Supplied material:
------
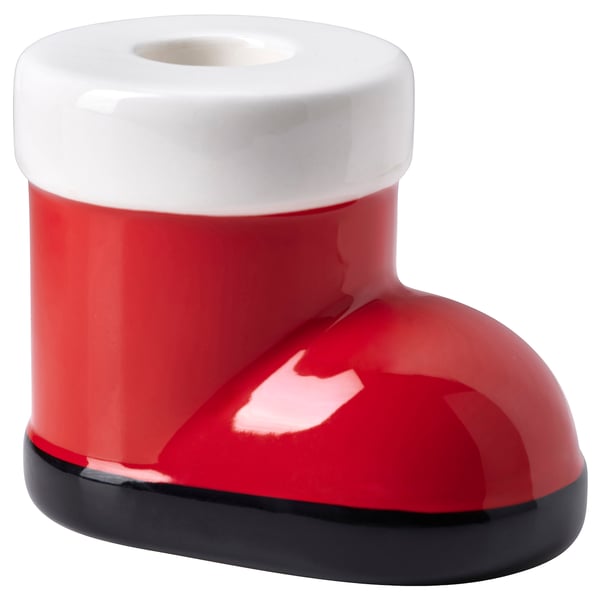 VINTERFINT Kerzenständer, Nikolausstiefel rot/weiß, 7 cm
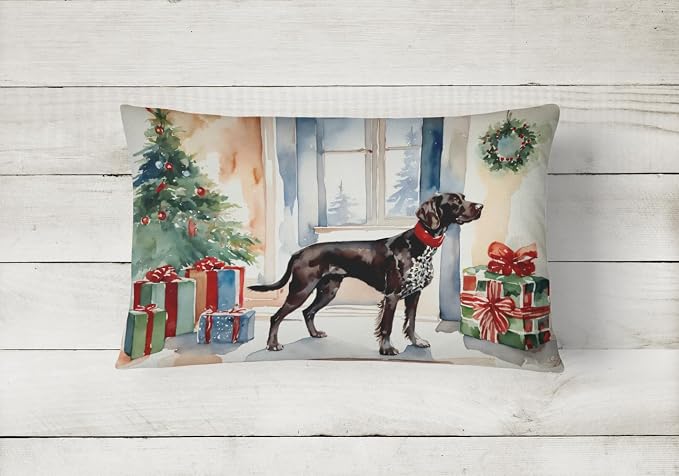 Caroline's Treasures DAC2663PW1216 German Shorthaired Pointer Cozy Christmas Throw Pillow Machine Washable, Indoor Outdoor Decorative Pillow for Couch, Bed or Patio, 12HX16W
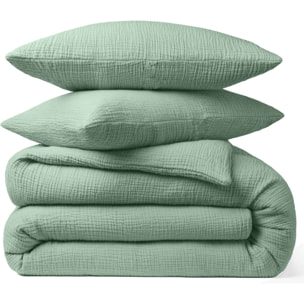 Paire de Taies d'oreiller gaze de coton vert givrée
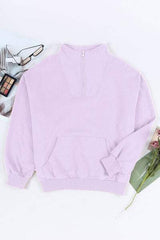 Quarter Zip Dropped Shoulder Sweatshirt - Trendsi - Flyclothing LLC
------
Required action:
Whenever you reach a picture, pass over it; print all the other material exactly.

Output for this exercise:
 VINTERFINT Kerzenständer, Nikolausstiefel rot/weiß, 7 cm
 Caroline's Treasures DAC2663PW1216 German Shorthaired Pointer Cozy Christmas Throw Pillow Machine Washable, Indoor Outdoor Decorative Pillow for Couch, Bed or Patio, 12HX16W
 Paire de Taies d'oreiller gaze de coton vert givrée
 Quarter Zip Dropped Shoulder Sweatshirt - Trendsi - Flyclothing LLC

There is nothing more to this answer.